# I guess I won't be buying any Deda wheels



## Rashadabd (Sep 17, 2011)

Tejay van Garderen rues lost opportunity in Oman - VeloNews.com


----------



## jlandry (Jan 12, 2007)

What did Deda wheels have to do with it? The glue on the tubulars was letting the tire pop off the rim and then popping the tire.


----------



## Rashadabd (Sep 17, 2011)

jlandry said:


> What did Deda wheels have to do with it? The glue on the tubulars was letting the tire pop off the rim and then popping the tire.


I was really only joking, but did you read the whole article? 

*Cyclists blamed the increased braking and hot rims for the incidents. Van Garderen and others said that the punctures were limited to the Italian Bardiani-CSF team.*
Read more at Tejay van Garderen rues lost opportunity in Oman - VeloNews.com

That team rides Deda as far as I know and they are the only team it happened to.


----------



## jlandry (Jan 12, 2007)

I did not read the article. My info came from Velo News in a video report.


----------



## deviousalex (Aug 18, 2010)

Are we sure it was rolled tubulars?

Take a look at 1:17 here https://www.youtube.com/watch?v=MSv9WKOyHCA

Earlier in the video you can clearly hear the 'popping' sound. 

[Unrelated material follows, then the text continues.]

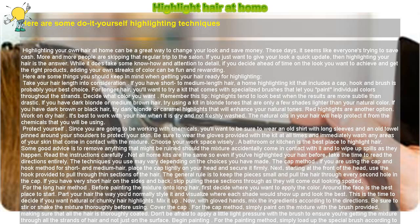While it does take some know-how and attention to detail, if you decide ahead of time on the look you want to achieve and get the right products, adding your own streaks of color can be fun and rewarding. Here are some things you should keep in mind when getting your hair ready for highlighting.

Is it possible that the tubulars didn't roll plus but the braking surface caused so much heat the tube inside the tubular popped? I'm guessing that some teams were probably riding very high PSI initially (120? maybe more?) because those roads are generally quite smooth. I'm not sure rolling a tubular would create that distinct pop you hear in the video.


----------



## deviousalex (Aug 18, 2010)

Zinn posted a lengthy article about this on VeloNews



> Dear Lennard,
> What’s with the tire failures at Tour of Oman? I’d guess plenty of racers have ridden plenty of races under very hot conditions, perhaps even being forced to ride their brakes behind a “safety car” on a long descent. But this is the first time I’ve ever read about (or watched video) of tires popping like rifle shots.
> 
> Neither back-in-the-day of aluminum rims and not even more recently with the popularity of carbon rims have I seen or heard about this. Carbon clinchers have had their share of failures as you guys have noted in the past, but tubulars?
> ...


For TL;DR there are a couple things to note

- Bardiani may have been riding clinchers
- The failure wasn't limited to Deda wheels, Fulcrums were shown with a popped tubular
- The popping sound was likely the valve getting ripped off from the tube


----------



## RRRoubaix (Aug 27, 2008)

Guess they shoulda had disc brakes!
Lulz.

Seriously, though- pretty interesting what weather extremes do to equipment. Also kind of ironic that it was a neutralized stage that caused all the problems. (Understandable, but still ironic).


----------



## robt57 (Jul 23, 2011)

RRRoubaix said:


> Guess they shoulda had disc brakes!


Seen a few pictures of melted rotors on the web, including Ice Tech Shimano with the core melted and the outer steel layers highly compromised.

Just saying...


----------